Confirms Lance v4.0.0 has row-level CAS for merge_insert only when the join-key column carries lance-schema:unenforced-primary-key=true. Our __manifest schema does not, so the publisher silently allows duplicate object_id rows under concurrent writers. Note + reproducible scratch crate select the layered (pre-check + row-level CAS) approach for the publisher API ticket.
8.3 KiB
MergeInsertBuilder CAS granularity (Lance 4.0.0)
Status: investigated (2026-04-28)
Consumed by: publisher per-table version API ticket — see "Implication" below.
Companion ticket: zombie-run investigation, Prerequisite section under "The demotion".
Repro: .context/scratch/merge-insert-cas-repro/ — cargo test --release -- --nocapture. Both tests pass against lance = "=4.0.0", demonstrating the answer.
TL;DR
Lance v4.0.0 supports row-level CAS for MergeInsertBuilder — but only when the join-key columns are annotated lance-schema:unenforced-primary-key=true. Without that annotation, two concurrent execute_reader() calls inserting the same key into disjoint fragments both succeed silently, producing duplicate rows under the same key.

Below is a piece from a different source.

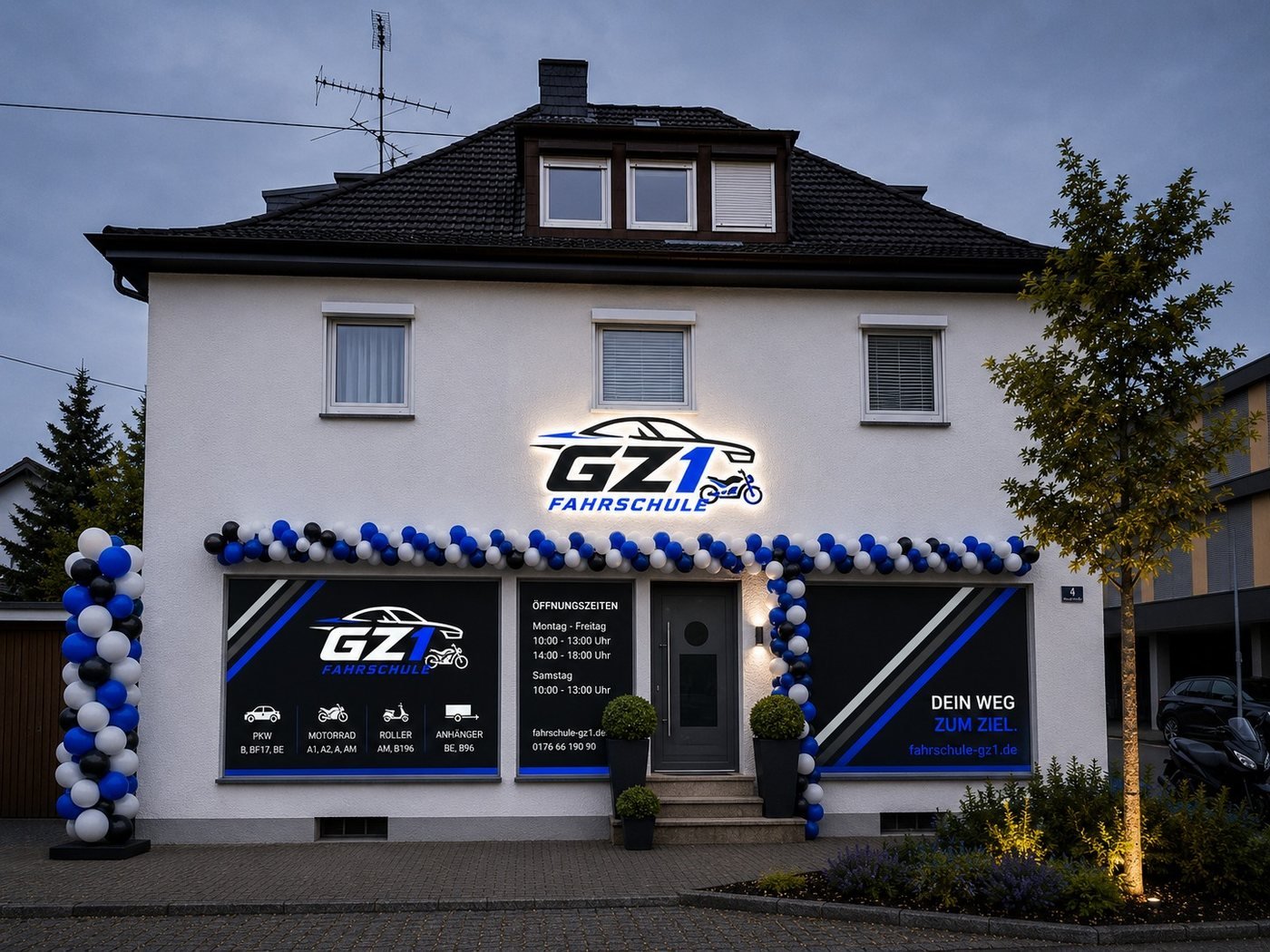 Entwurf der Fassade der Fahrschule GZ1 mit Leuchtschild, beklebten Schaufenstern und Ballons zur Eröffnung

Our __manifest schema (crates/omnigraph/src/db/manifest/state.rs:44-60) does not carry that annotation, so today's GraphNamespacePublisher::publish has no row-level CAS protection. The TOCTOU window between load_publish_state and the merge-insert commit is open — two concurrent publishers computing the same (table_key, table_version) row both land it.
Implication for the publisher API ticket
Take both layers, not one or the other:
- Annotate
object_id(or the version-row subset)lance-schema:unenforced-primary-key=trueinmanifest_schema()so Lance enforces row-level CAS at commit time. This closes the silent-duplicate hole that exists today, independent of the new feature. - Add a pre-check phase in
publishthat validatesexpected_table_versionsagainst the manifest snapshot loaded byload_publish_state. The pre-check covers "expected unchanged" assertions for tables the caller is not writing to (Lance's row-level CAS only covers rows we are writing). - Set
merge_builder.conflict_retries(0)and let the publisher's own caller-level retry loop handle the rebase: refresh manifest, re-run pre-check, re-attempt merge-insert. This gives strict atomicity for the per-table expected-version contract; Lance's auto-rebase would otherwise let our commit through against unfamiliar manifest state.
The ticket's "Approach 1 (parameter-only)" by itself is insufficient — Lance row-level CAS only catches collisions on rows we are emitting; it does not enforce "expected unchanged" for untouched tables. The ticket's "Approach 2 (pre-check + CAS)" is correct only if the row-level CAS is also enabled, otherwise the pre-check is TOCTOU-vulnerable and the existing publisher already has the silent-duplicate bug.
How Lance does it (source-quoted)
1. Filter is built only when ON columns match the unenforced primary key
rust/lance/src/dataset/write/merge_insert/exec/write.rs:209-221:
// Check if ON columns match the schema's unenforced primary key
let field_ids: Vec<i32> = params
.on
.iter()
.filter_map(|name| dataset.schema().field(name).map(|f| f.id))
.collect();
let pk_field_ids: Vec<i32> = dataset
.schema()
.unenforced_primary_key()
.iter()
.map(|f| f.id)
.collect();
let is_primary_key = !pk_field_ids.is_empty() && field_ids == pk_field_ids;
The filter is then attached only when is_primary_key:
rust/lance/src/dataset/write/merge_insert/exec/write.rs:903-928:
let inserted_rows_filter = if is_primary_key {
// ... build KeyExistenceFilter (bloom or exact set)
};
// ...
inserted_rows_filter: inserted_rows_filter.clone(),
The PK is sourced from field metadata; from inserted_rows.rs:158:
/// Tracks keys of inserted rows for conflict detection./// Only created when ON columns match the schema's unenforced primary key.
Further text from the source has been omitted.